- _TASK INSTRUCTIONS_
Below this line is a set of entries; quote exactly the lines from the line that contains "Philips Sonicare Premium" to the line that contains "K�lt�ri LED f�nyf�gg�ny, meleg", both lines included.

- _PROVIDED MATERIAL_
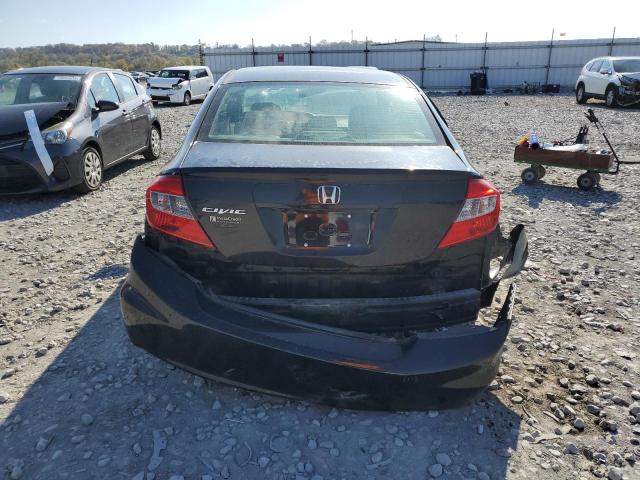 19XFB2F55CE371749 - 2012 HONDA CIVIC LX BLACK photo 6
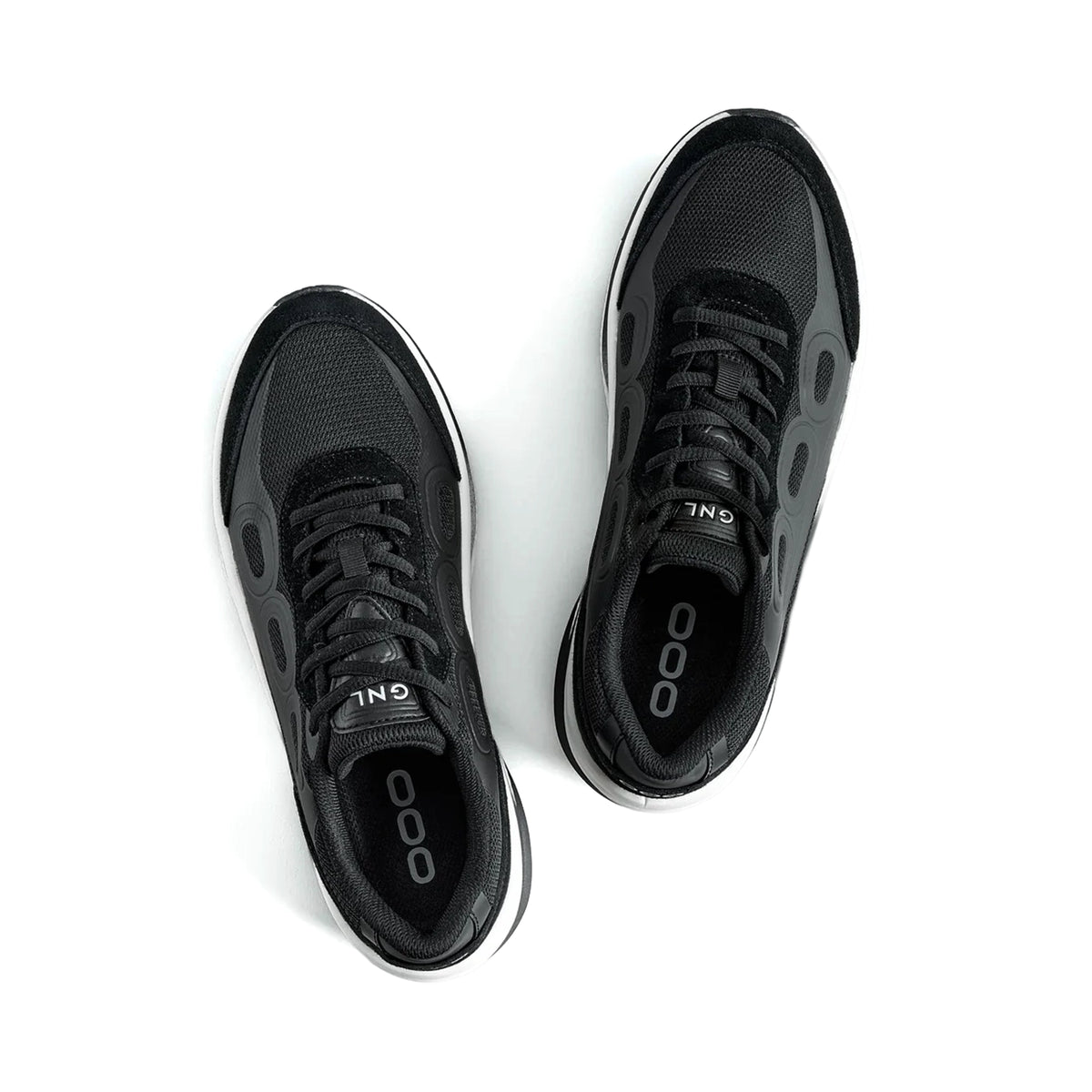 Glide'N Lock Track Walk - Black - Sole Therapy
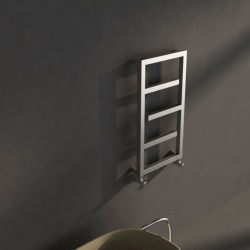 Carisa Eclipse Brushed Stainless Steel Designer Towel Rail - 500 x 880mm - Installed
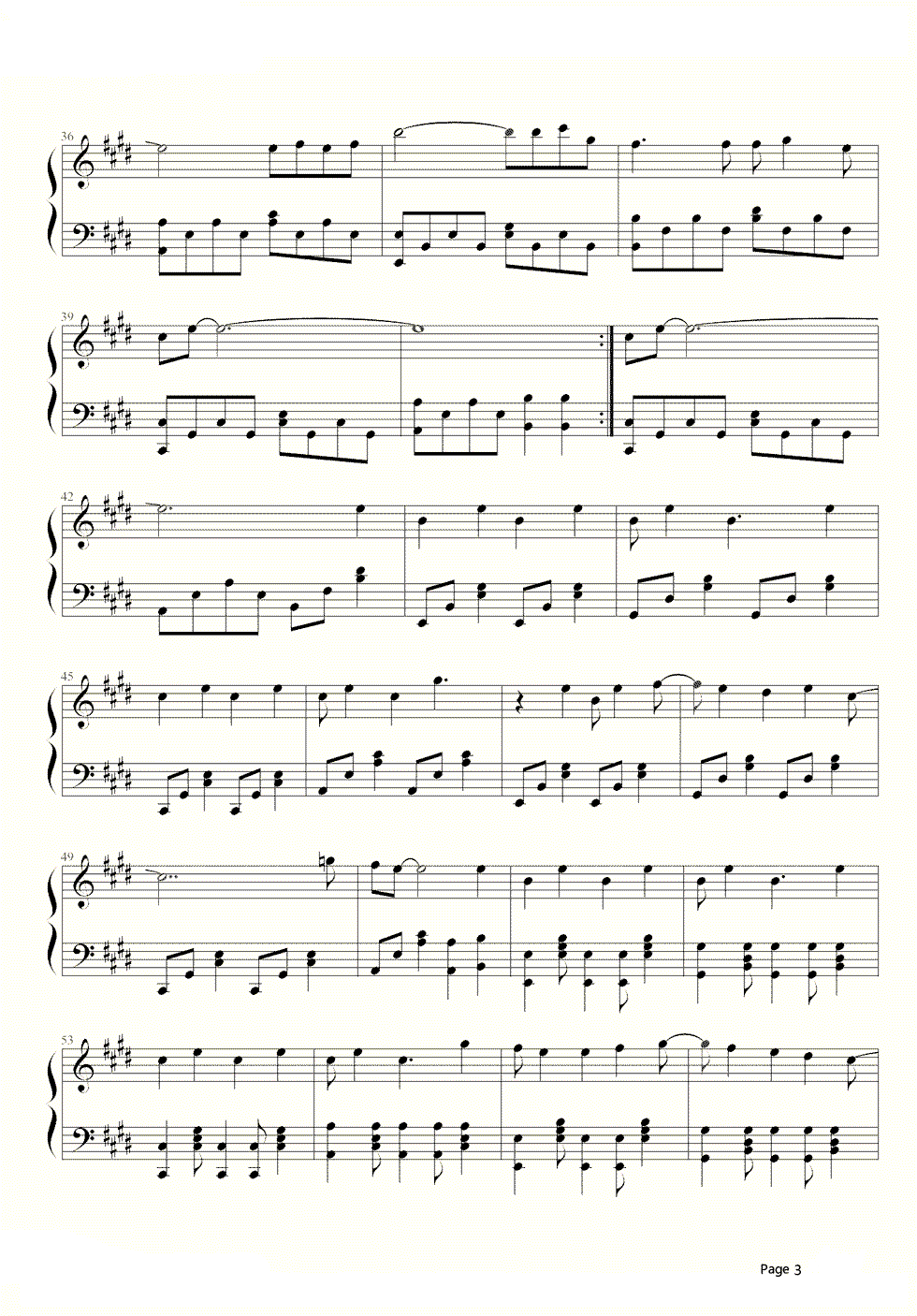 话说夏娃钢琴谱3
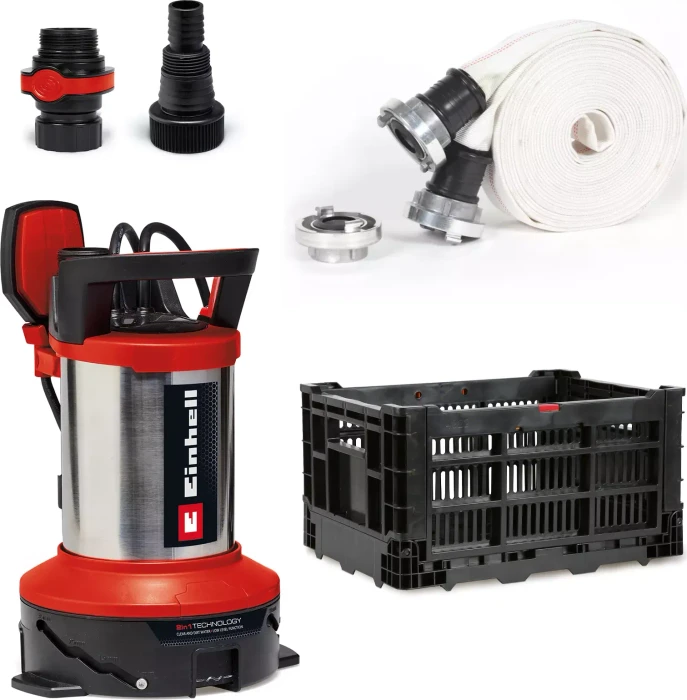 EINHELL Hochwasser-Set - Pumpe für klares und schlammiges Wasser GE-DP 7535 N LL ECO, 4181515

==

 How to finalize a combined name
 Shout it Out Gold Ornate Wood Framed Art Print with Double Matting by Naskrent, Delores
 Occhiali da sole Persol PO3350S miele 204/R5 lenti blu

---

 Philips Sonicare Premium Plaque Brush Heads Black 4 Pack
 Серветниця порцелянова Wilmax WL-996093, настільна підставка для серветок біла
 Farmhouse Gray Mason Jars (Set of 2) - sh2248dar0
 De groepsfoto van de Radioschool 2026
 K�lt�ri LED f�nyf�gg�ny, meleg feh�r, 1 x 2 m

- _EXPECTED ANSWER_
 Philips Sonicare Premium Plaque Brush Heads Black 4 Pack
 Серветниця порцелянова Wilmax WL-996093, настільна підставка для серветок біла
 Farmhouse Gray Mason Jars (Set of 2) - sh2248dar0
 De groepsfoto van de Radioschool 2026
 K�lt�ri LED f�nyf�gg�ny, meleg feh�r, 1 x 2 m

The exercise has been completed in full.